A bank of FETs with beefy heat sinks combined with some smoothing LC networks off each speed controller would make a nice load I think, how about it?

Matt

A consistent load would be essential or it might poison your experiment.

I'm not sure what you mean by the Jaguar sourcing current to a Victor however.

Would it not be easier to just have a consistent load and a consistent source of power as static factors in your test?

I should think you'll need to monitor the load and source of power quite carefully and if that monitor is digital it'll have to have pretty high bandwidth for transients.

[Matt Krass]

Quote:

Originally Posted by techhelpbb

A consistent load would be essential or it might poison your experiment.

I'm not sure what you mean by the Jaguar sourcing current to a Victor however.

Would it not be easier to just have a consistent load and a consistent source of power as static factors in your test?

I should think you'll need to monitor the load and source of power quite carefully and if that monitor is digital it'll have to have pretty high bandwidth for transients.

The configuration I had in mind was a Jaguar running forward, bringing it's load node up high to +12V, and the Victor running reverse, bringing it's load node down to 0V, so that current flows:

Quote:

Jaguar M+ (at 12V) ---> Dynamic Load ---> Victor M+ (at 0V)
and
Jaguar M- (at 0V) <--- Dynamic Load <--- Victor M-(at 12V)

In this configuration, both active legs see a stable constant current load, so both get a complete work out.
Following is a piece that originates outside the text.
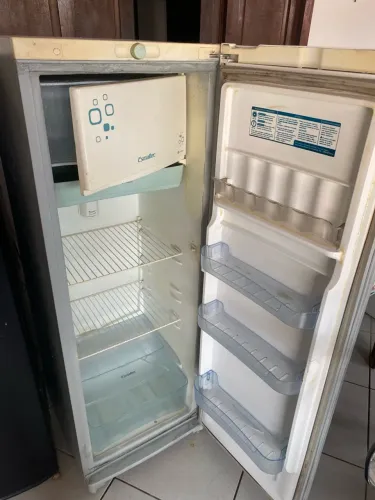 Geladeira usada semi nova 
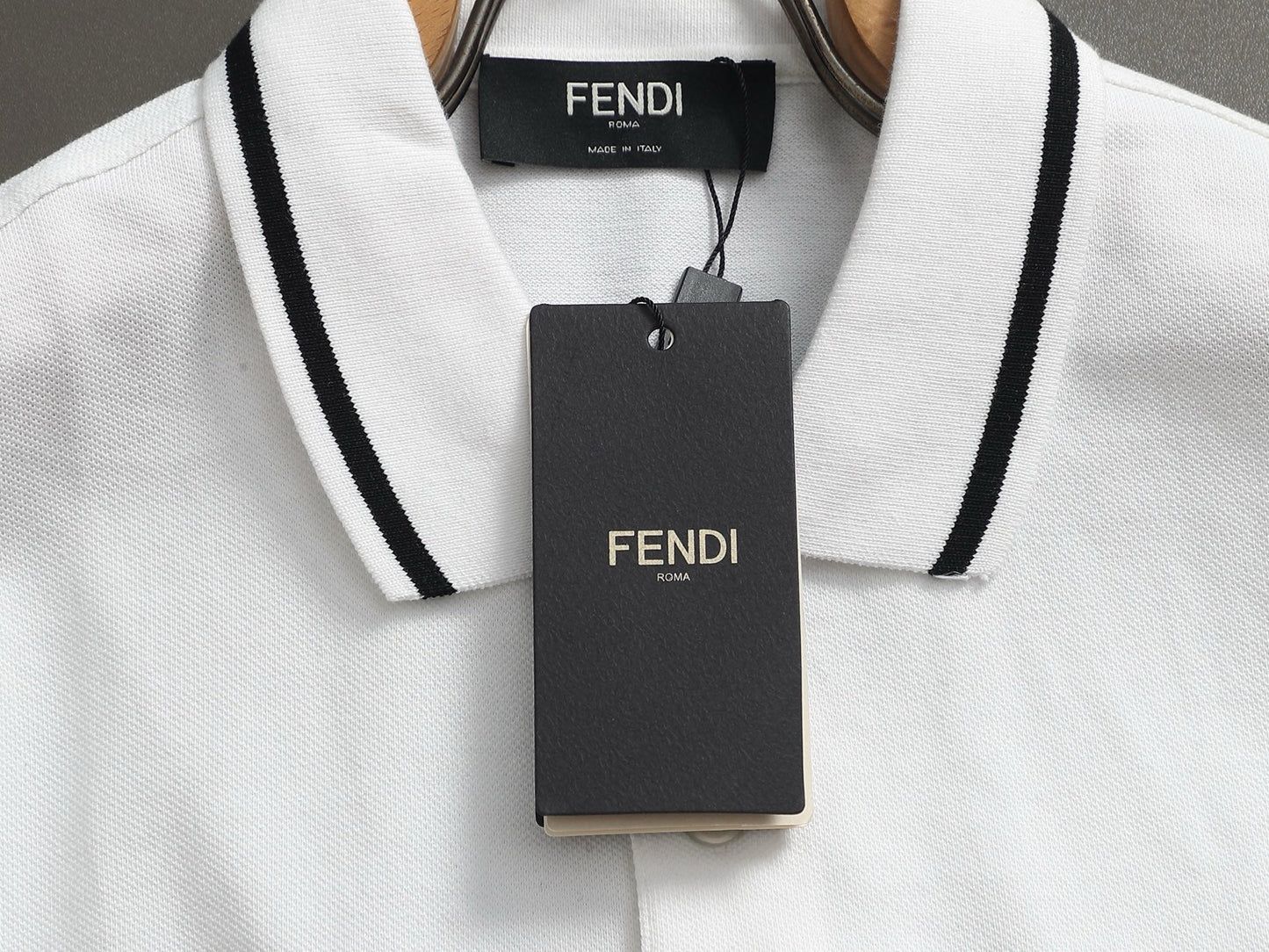 260415 New high-quality color-matched small icon polo shirt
Halfway through the test I'd flip the directions and work the other legs just as hard. Since the loss in the FETs are resistive and related to current, we'd only need constant current, not constant power, so the declining battery voltage is not necessarily a problem.

If my description still doesn't make sense, I can draw it up really quick and see if that makes more sense. The idea is the load current passes through both legs of both bridges while the FETs are monitored.

The problem with a consistent load is that resistors heat up and change resistance, and other components have similar temperature dependence. However I have not (yet) done the math to see if this variance is enough to warrant the trouble of a dynamic load. Perhaps it isn't necessary, though I agree I'd not want to use a digital controller to regulate the load, merely to program an analog feedback loop to regulate it due to bandwidth concerns.

Matt

[techhelpbb]

Quote:

Originally Posted by Matt Krass

The configuration I had in mind was a Jaguar running forward, bringing it's load node up high to +12V, and the Victor running reverse, bringing it's load node down to 0V, so that current flows:



In this configuration, both active legs see a stable constant current load, so both get a complete work out. Halfway through the test I'd flip the directions and work the other legs just as hard. Since the loss in the FETs are resistive and related to current, we'd only need constant current, not constant power, so the declining battery voltage is not necessarily a problem.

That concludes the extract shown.